╔══

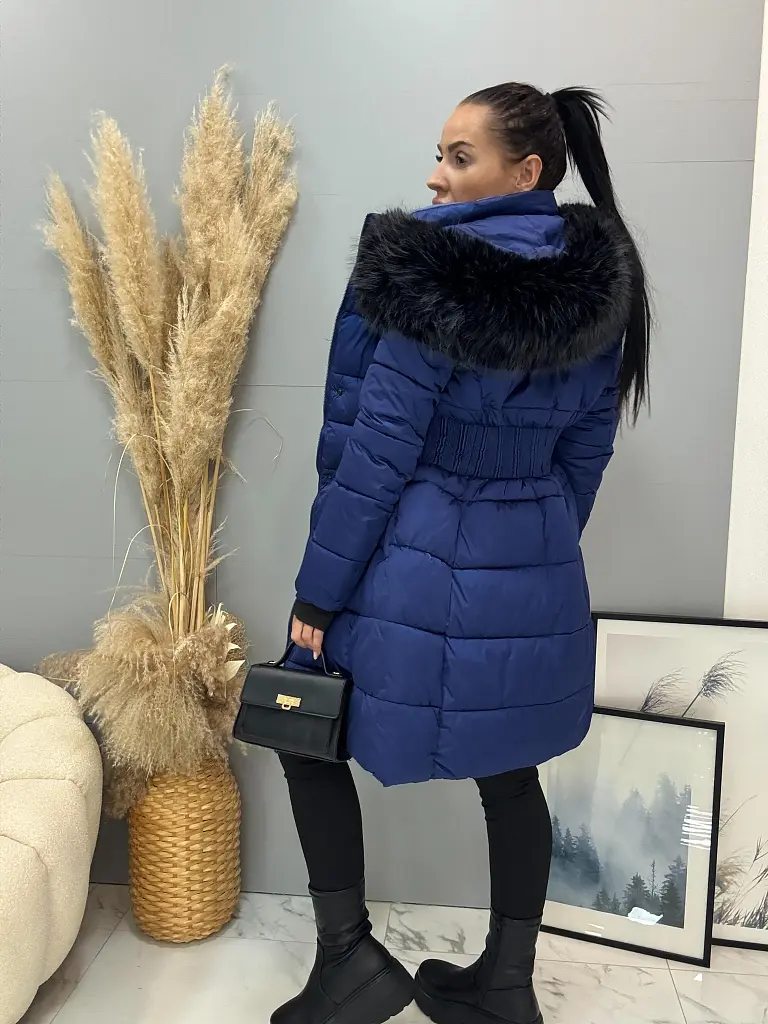 Hosszú steppelt kapucnis kék kabát MYRA - next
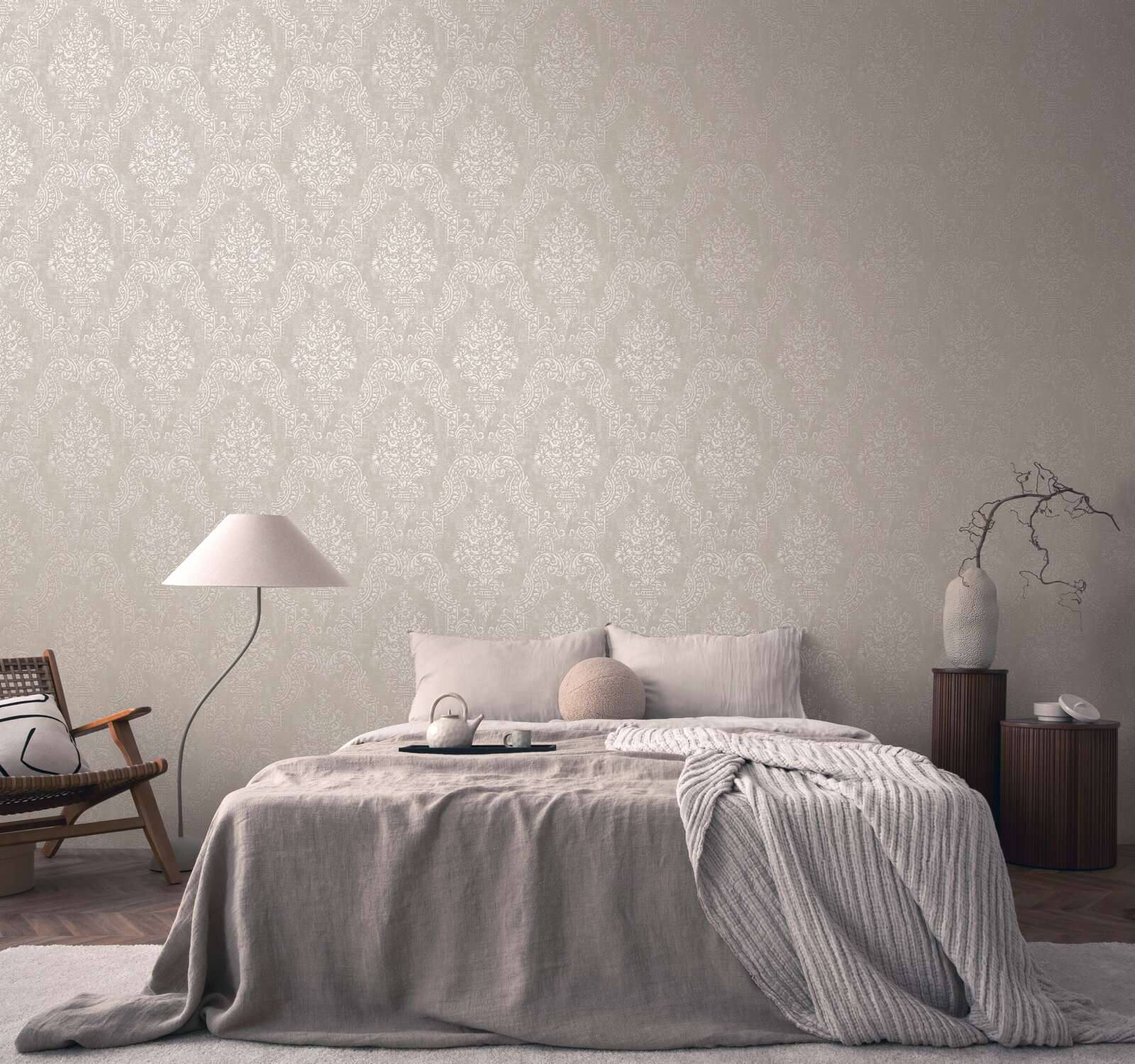 The Venetian Damask | Taupe & Shimmering Silver Luxe
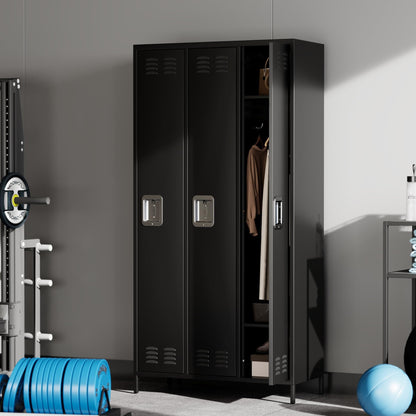 IDEALHOUSE 3 Doors Steel Storage, Metal Locker for School Office Gym Bedroom, 72 Inch Locker Cabinet for Employees,Industrial Storage Locker with 3 Shelves, Assembly Required, Black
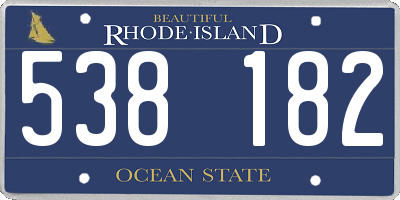RI license plate 538182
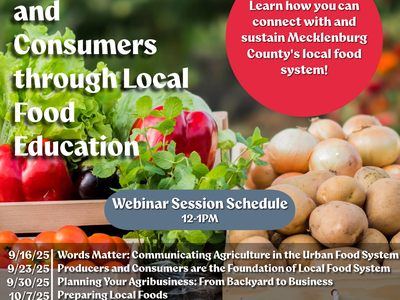 A flyer for a six part lunch and learn connecting producers and consumers.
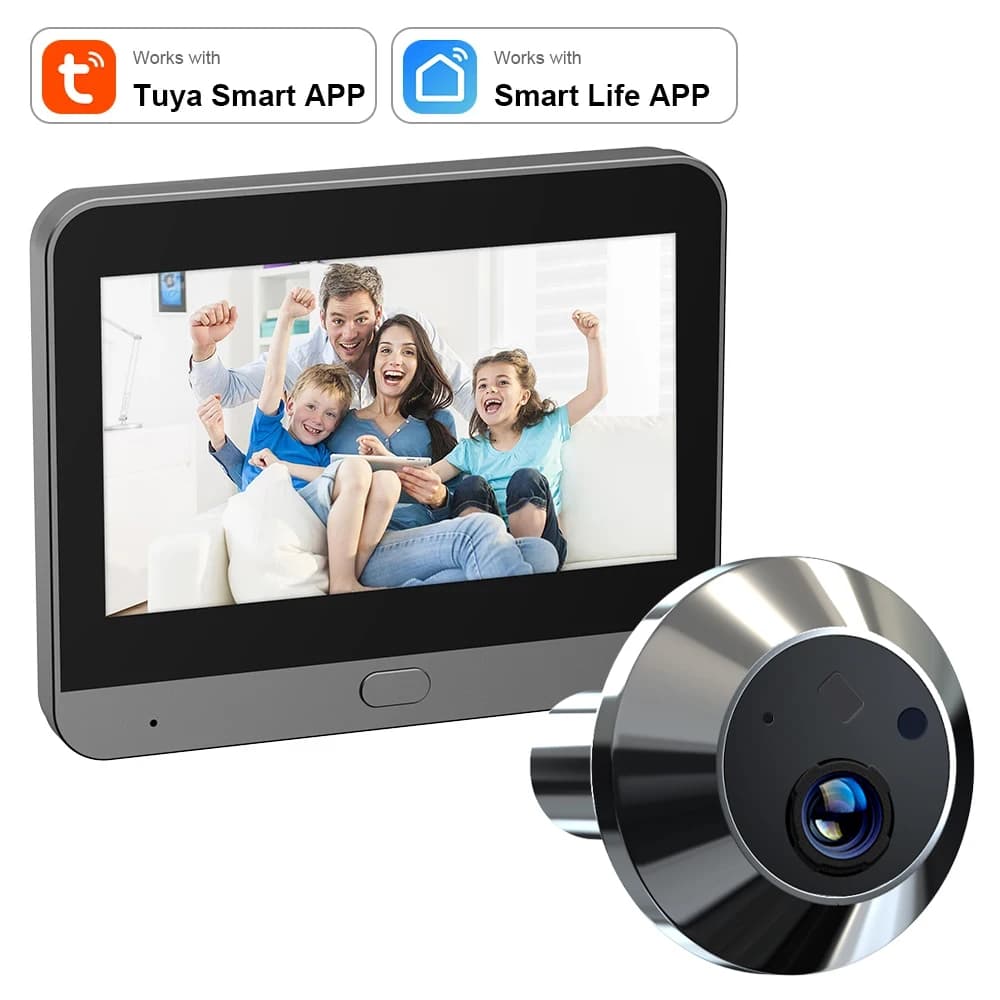 Mini Vie Intelligente Tuya 3MP 140 °   Grand Angle de vue 2.4Ghz WiFi porte magique judas oeil PIR c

╚══

- **YOUR OBJECTIVE**: Output a faithful copy of the data, with each picture left out.

- **SOLVED EXERCISE**:
 Hosszú steppelt kapucnis kék kabát MYRA - next
 The Venetian Damask | Taupe & Shimmering Silver Luxe
 IDEALHOUSE 3 Doors Steel Storage, Metal Locker for School Office Gym Bedroom, 72 Inch Locker Cabinet for Employees,Industrial Storage Locker with 3 Shelves, Assembly Required, Black
RI license plate 538182
 A flyer for a six part lunch and learn connecting producers and consumers.
 Mini Vie Intelligente Tuya 3MP 140 °   Grand Angle de vue 2.4Ghz WiFi porte magique judas oeil PIR c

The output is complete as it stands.